__WHAT IS NEEDED__.
Find "CPA Tunis Etude de cactus", then copy its line and every later line of the entries exactly through the end, leaving all pictures out.

**** DATASET ENTRIES ****

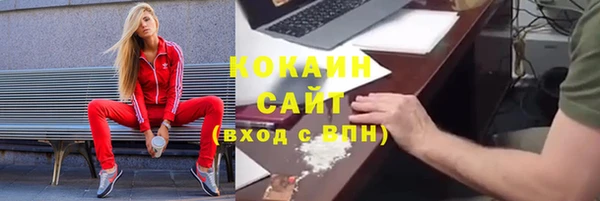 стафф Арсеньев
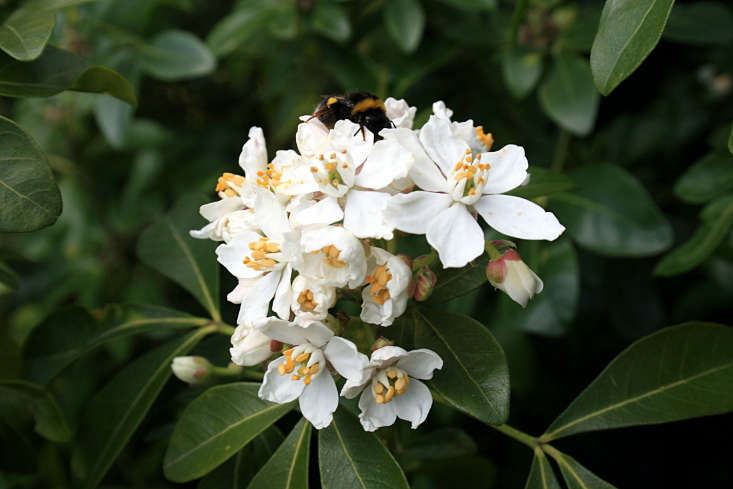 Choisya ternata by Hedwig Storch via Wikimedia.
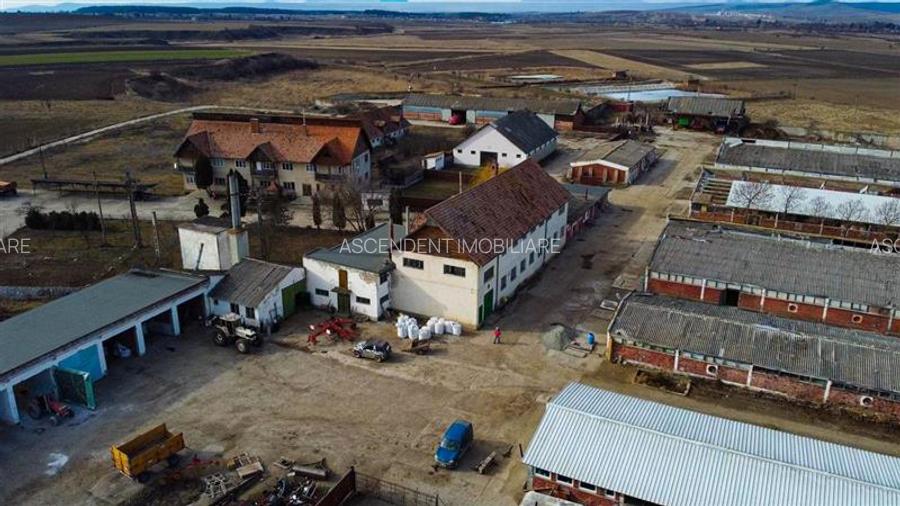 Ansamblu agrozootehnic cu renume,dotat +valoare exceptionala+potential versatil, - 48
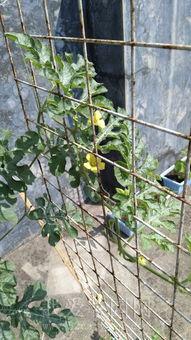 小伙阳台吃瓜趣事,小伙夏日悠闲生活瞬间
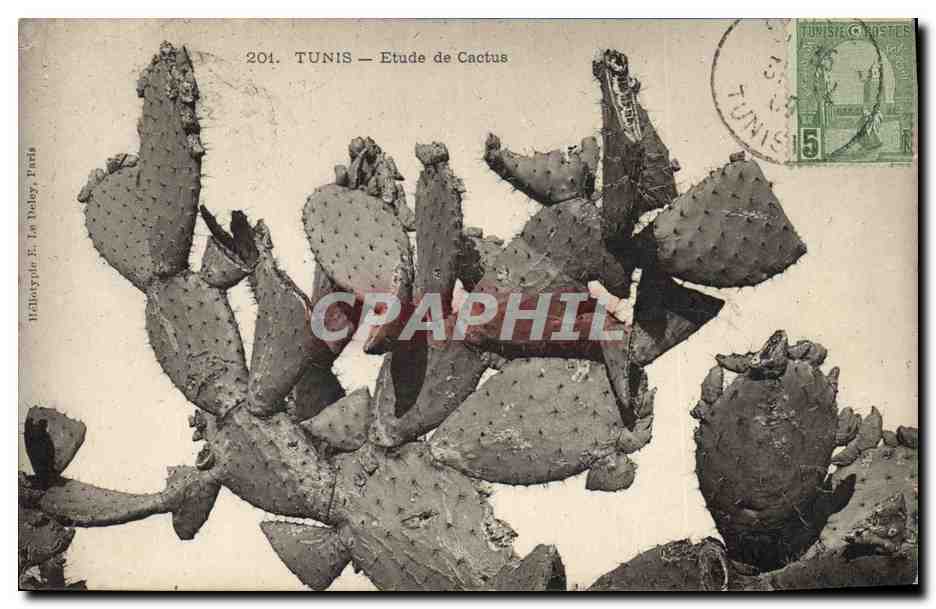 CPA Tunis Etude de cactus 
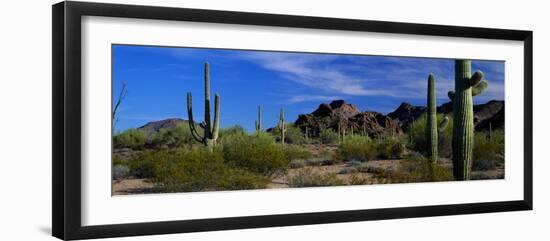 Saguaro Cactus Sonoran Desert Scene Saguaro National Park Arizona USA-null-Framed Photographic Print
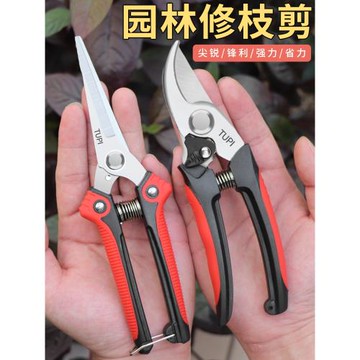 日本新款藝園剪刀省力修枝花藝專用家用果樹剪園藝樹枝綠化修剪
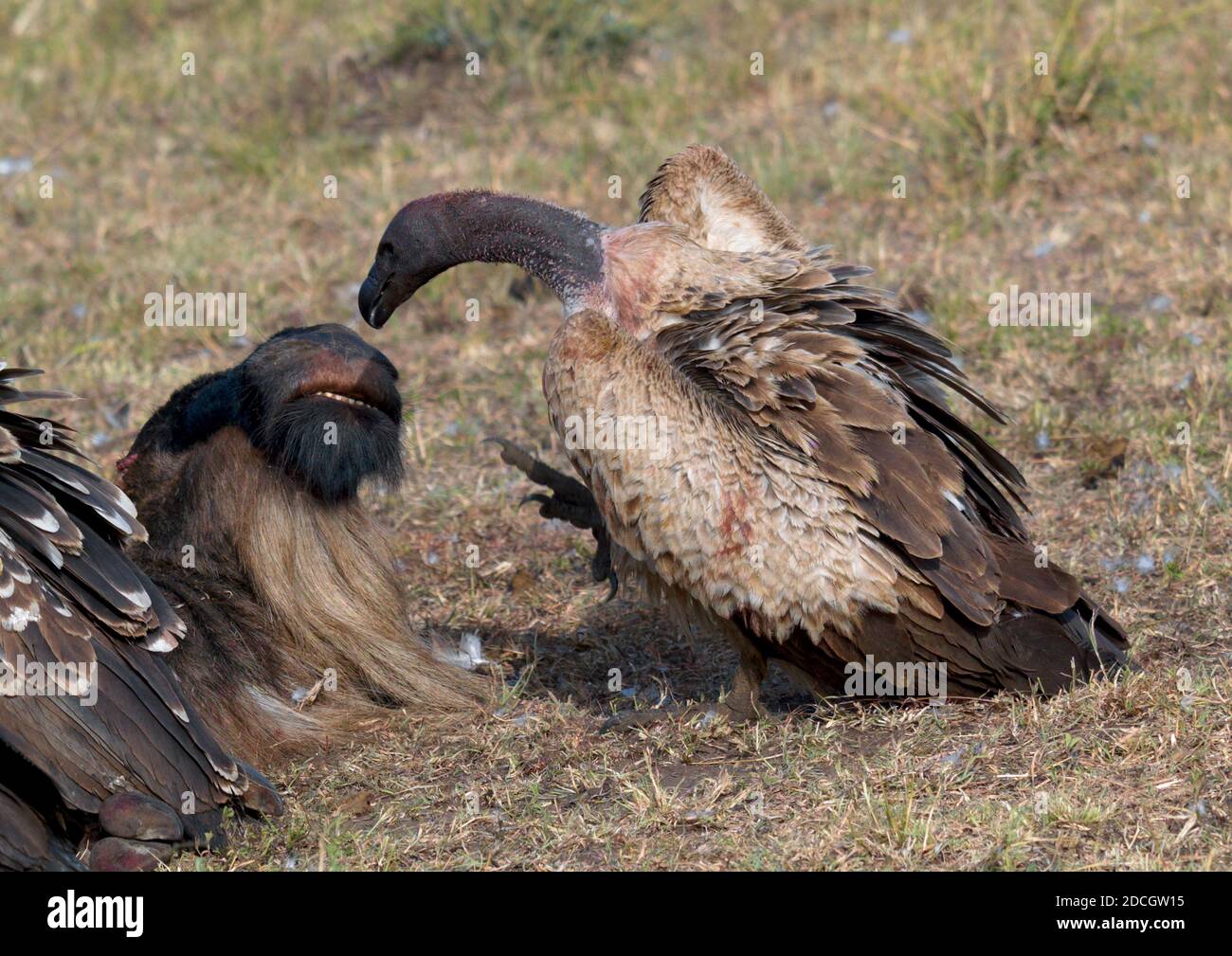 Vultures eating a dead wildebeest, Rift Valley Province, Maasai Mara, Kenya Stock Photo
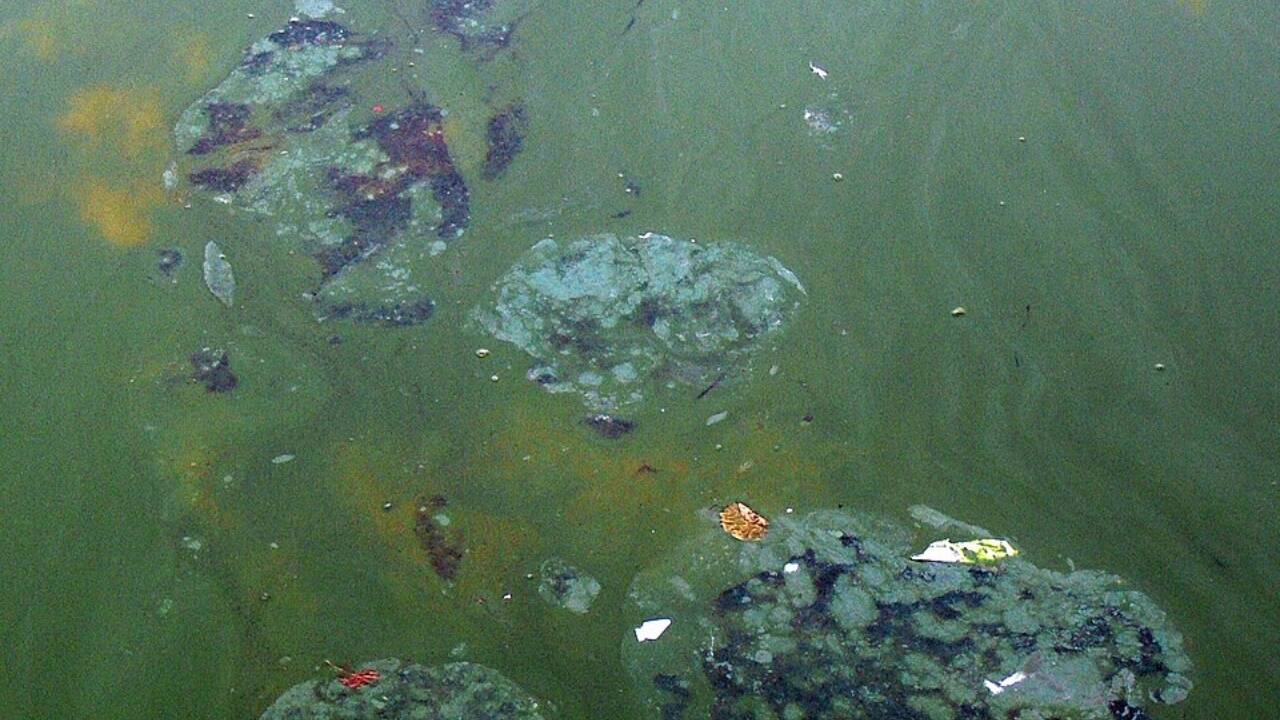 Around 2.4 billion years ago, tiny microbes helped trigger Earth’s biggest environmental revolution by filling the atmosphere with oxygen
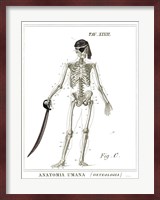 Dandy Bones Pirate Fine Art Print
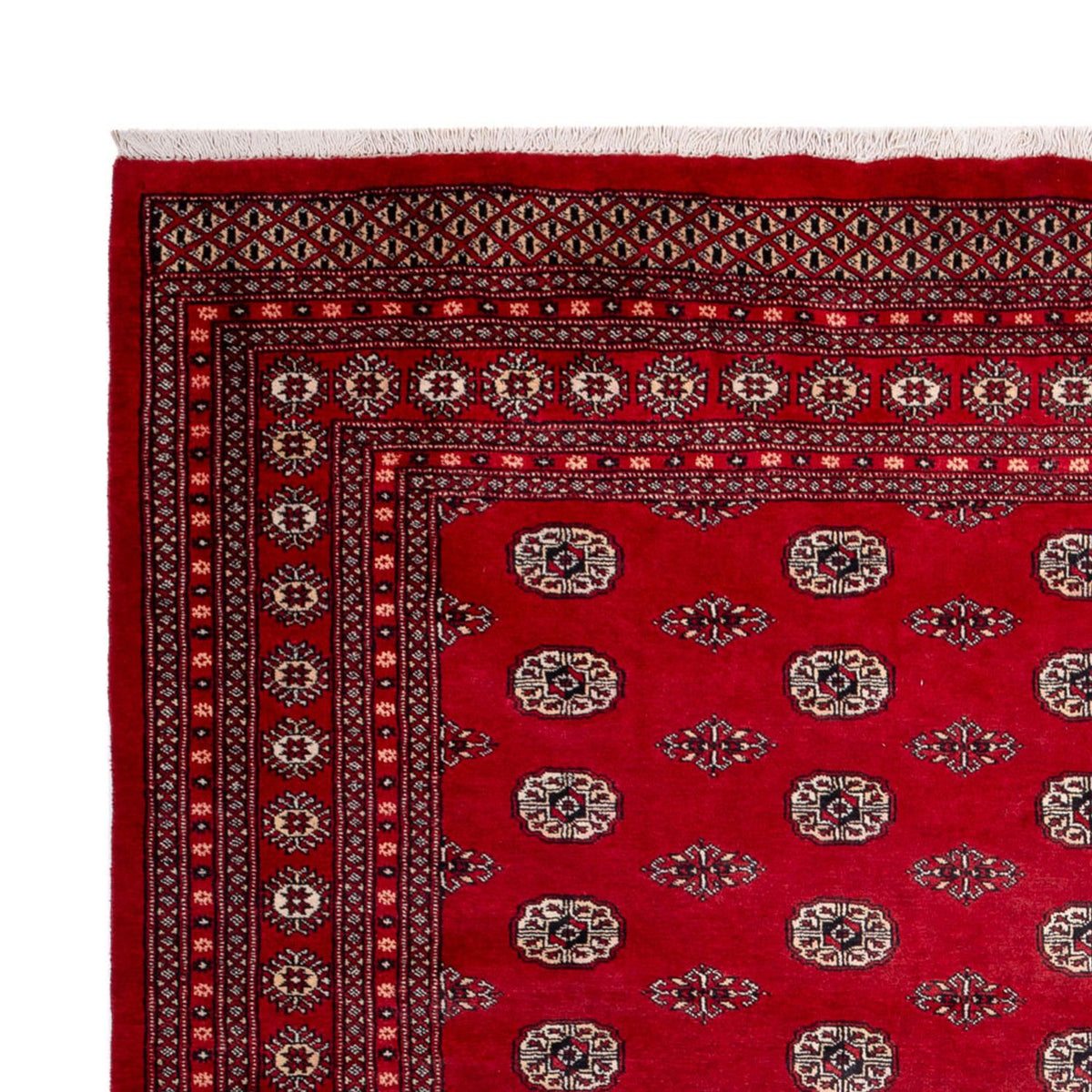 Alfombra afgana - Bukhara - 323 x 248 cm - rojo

****

__WRITTEN ANSWER__.
 CPA Tunis Etude de cactus 
 Saguaro Cactus Sonoran Desert Scene Saguaro National Park Arizona USA-null-Framed Photographic Print
 日本新款藝園剪刀省力修枝花藝專用家用果樹剪園藝樹枝綠化修剪
 Vultures eating a dead wildebeest, Rift Valley Province, Maasai Mara, Kenya Stock Photo
 Around 2.4 billion years ago, tiny microbes helped trigger Earth’s biggest environmental revolution by filling the atmosphere with oxygen
 Dandy Bones Pirate Fine Art Print
 Alfombra afgana - Bukhara - 323 x 248 cm - rojo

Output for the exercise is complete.